Efficient Markets? Hah! Justin Fox
03/01/1999 Fortune Magazine 40 (Copyright 1999)
So Nobel laureate Myron Scholes has left Wall Street (actually Greenwich, Conn., which is pretty much the same thing, only with trees) and gone home to San Francisco. His experience at Long-Term Capital Management, the now-infamous hedge fund he helped found, has taken much of the sheen off his reputation. It may do the same for efficient-markets theory, the rock upon which Scholes and a generation of finance scholars and practitioners have based their work.
Efficient-markets theory, to crib from Scholes' 1997 Nobel lecture, "states that, in a well-functioning capital market...the best estimate of the value of a security is today's price." This insight, associated most closely with Eugene Fama, a University of Chicago professor who taught Scholes in the 1960s, revolutionized finance. It led to the index-fund phenomenon and enabled Scholes and Fischer Black, another finance scholar who later went to Wall Street, to devise the options-pricing model that created the derivatives industry. The theory was also indisputably sound, up to a point: It is really, really hard to consistently beat the market. But efficient- market true believers take this a step further, to the conclusion that financial markets are therefore always right. And as Deputy Treasury Secretary Larry Summers argued in one of the more important works of his past life as an economics professor ("Does the Stock Market Rationally Reflect Fundamental Values?" in the Journal of Finance, July 1986), there's absolutely no proof that this is so. Markets sometimes go wiggy in ways that efficient-markets theory simply can't explain.

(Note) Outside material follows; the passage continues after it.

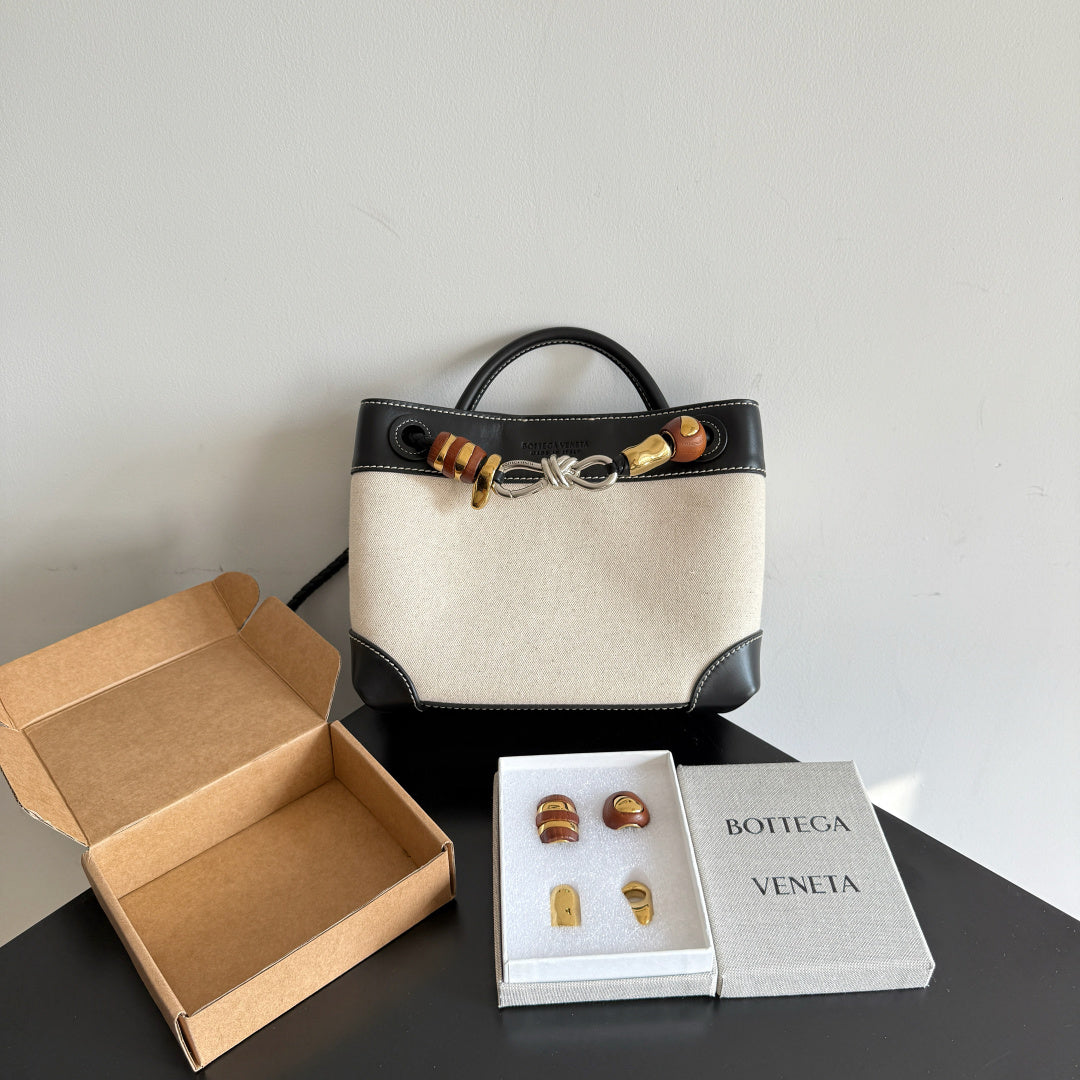 Bottega Veneta Black Designer Handbag Edition 517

In an efficient market, to quote again from Scholes' Nobel lecture, "securities with similar economic risk {have} to exhibit similar returns to prevent arbitrage profits." Real markets aren't perfectly efficient--trading costs and other factors allow small inefficiencies to pop up. At LTCM (and other hedge funds and Wall Street firms), the strategy was to exploit these little anomalies--a difference in risk-adjusted returns between, say, U.S. Treasuries and Danish mortgages--betting that before long, market efficiency would reign again. As investment strategies go, this was a pretty conservative one--so conservative that the only way to make it pay off was to use gobs of borrowed money. But that leverage was seen as a reasonable risk, because remember: Markets are efficient.
Then, last summer, panicked investors the world over began buying U.S. Treasuries and selling everything else. The price discrepancies that LTCM assumed would disappear instead grew, at least temporarily. The banks that had advanced it billions of dollars got scared and called their loans. The once-proud hedge fund had to submit to a takeover by its lenders. It was all terribly irrational and inefficient. Sometimes markets get that way.